§ **Material supplied**:
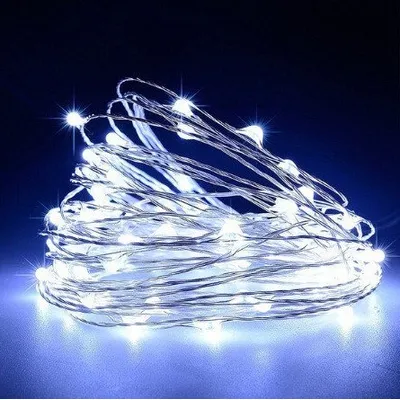 Гірлянда роса 50 mini LED 5м на батарейках (2АА) холодний білий 0247
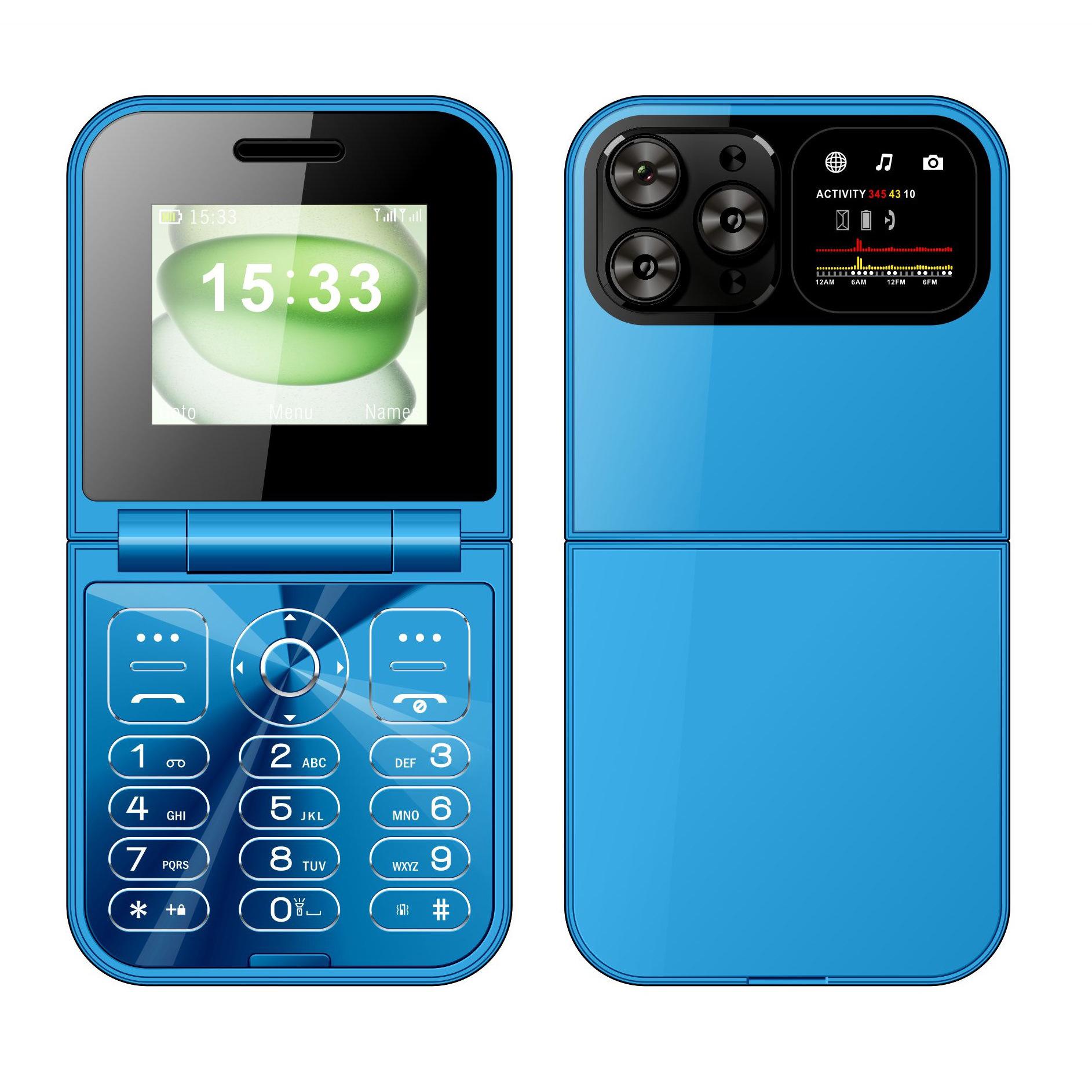 

Телефон-раскладушка Карманный телефон Мини Компактная Функциональная Машина Простой и Прочный синий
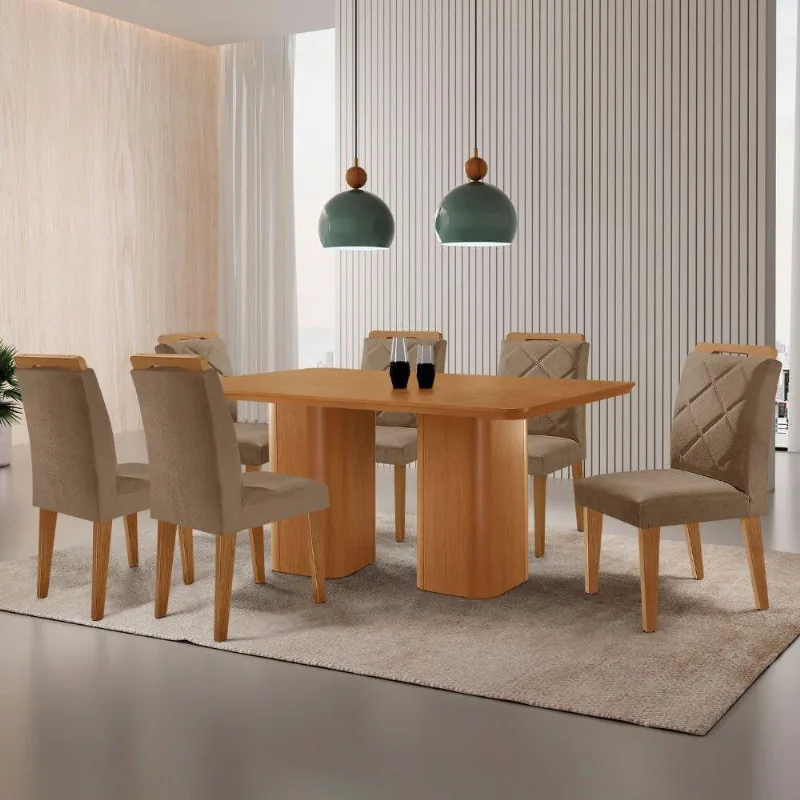 Mesa Eloise 180cm Mdf Laminado 6 Cadeiras Mels=issa Veludo Capuccino/naturalle Laminado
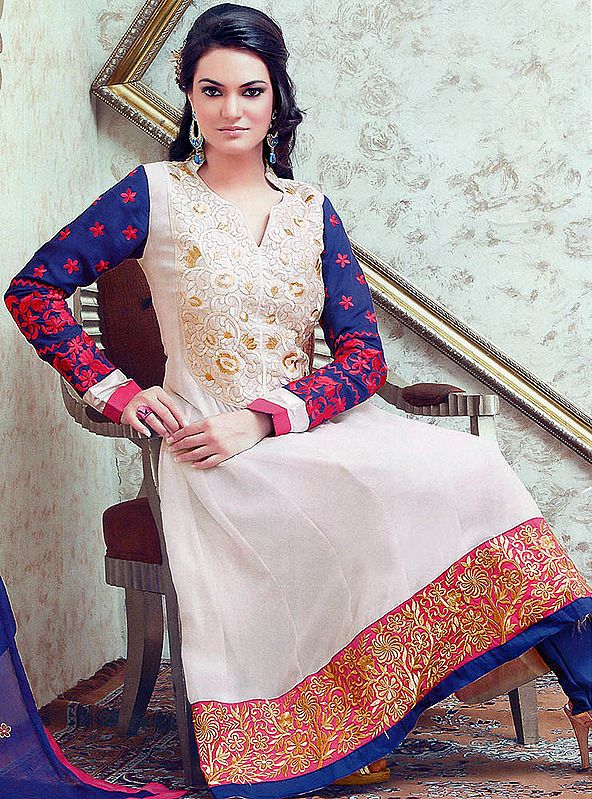 Ivory Choodidaar Kameez Suit with Metallic Thread Embroidered Flowers and Patch Border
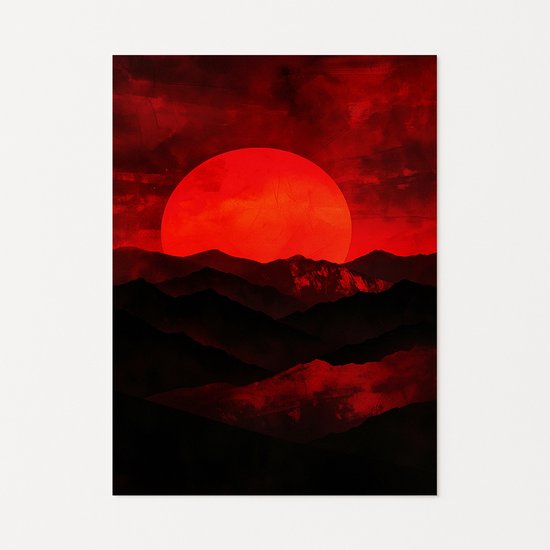 Rode zon – muurdecoratie – wanddecoratie modern – Poster – 30x40 cm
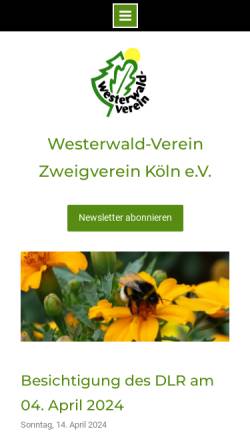 Vorschau der mobilen Webseite www.wanderverein-koeln.de, Westerwaldverein - Zweigverein Köln e.V.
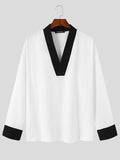 Mens Contrast Patchwork Long Sleeve V-neck T-shirt SKUJ50673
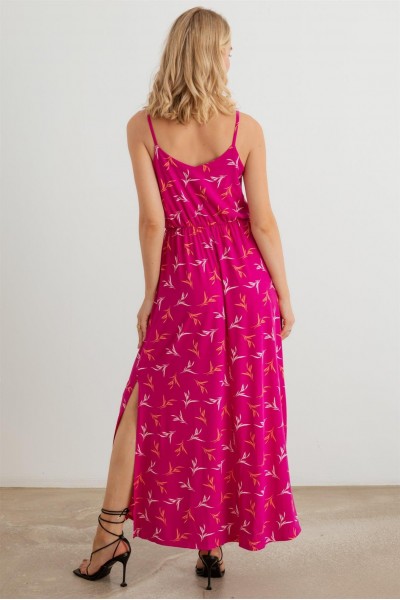 Leaf Print Sleeveless Elastic Waist Maxi Dress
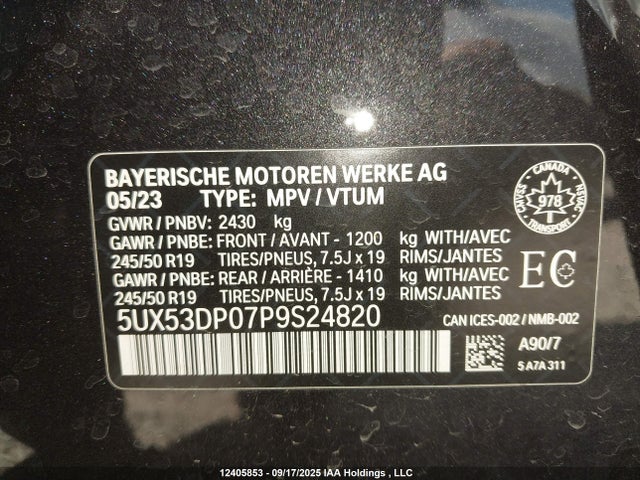 5UX53DP07P9S24820 BMW 2023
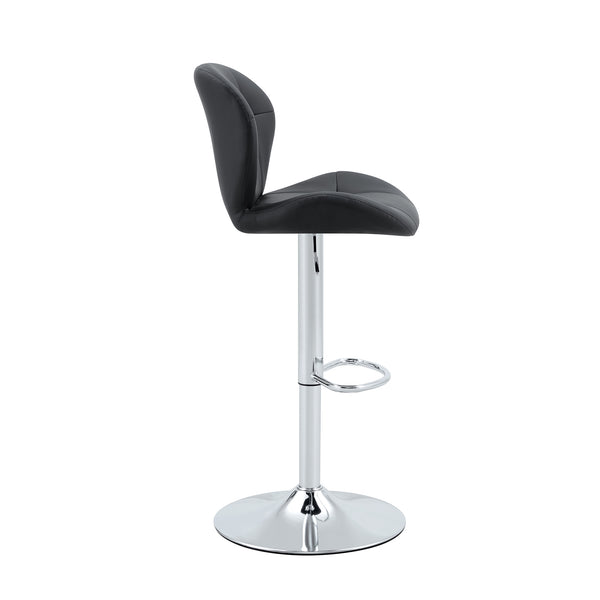 English Elm Set of 2 Adjustable Tufted Pu Barstools with Chrome Base for Kitchen or Pub W3875P382613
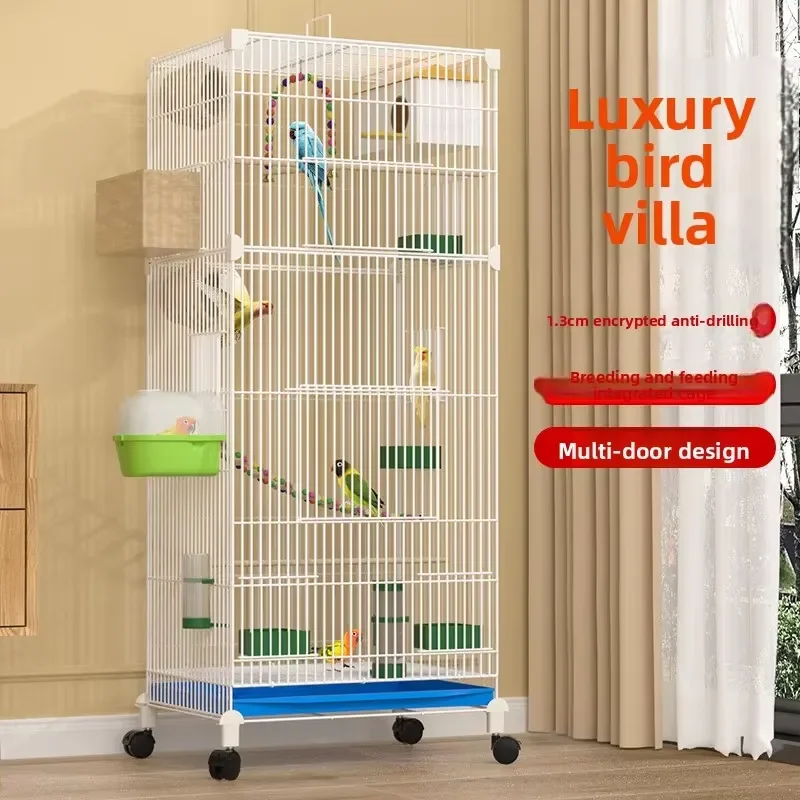Luxury Breeding Birdcage for Parrots and Cockatoos Elevated Dense Cage Assembled Budgie Cage with Solid Metal Pattern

§ **Requirement**:
Set down word for word the lines above from the one with "Mesa Eloise 180cm" up to and including the one with "5UX53DP07P9S24820 BMW 2023". Omit every picture.

§ **Finished exercise**:
 Mesa Eloise 180cm Mdf Laminado 6 Cadeiras Mels=issa Veludo Capuccino/naturalle Laminado
 Ivory Choodidaar Kameez Suit with Metallic Thread Embroidered Flowers and Patch Border
 Rode zon – muurdecoratie – wanddecoratie modern – Poster – 30x40 cm
 Vorschau der mobilen Webseite www.wanderverein-koeln.de, Westerwaldverein - Zweigverein Köln e.V.
 Mens Contrast Patchwork Long Sleeve V-neck T-shirt SKUJ50673
 Leaf Print Sleeveless Elastic Waist Maxi Dress
 5UX53DP07P9S24820 BMW 2023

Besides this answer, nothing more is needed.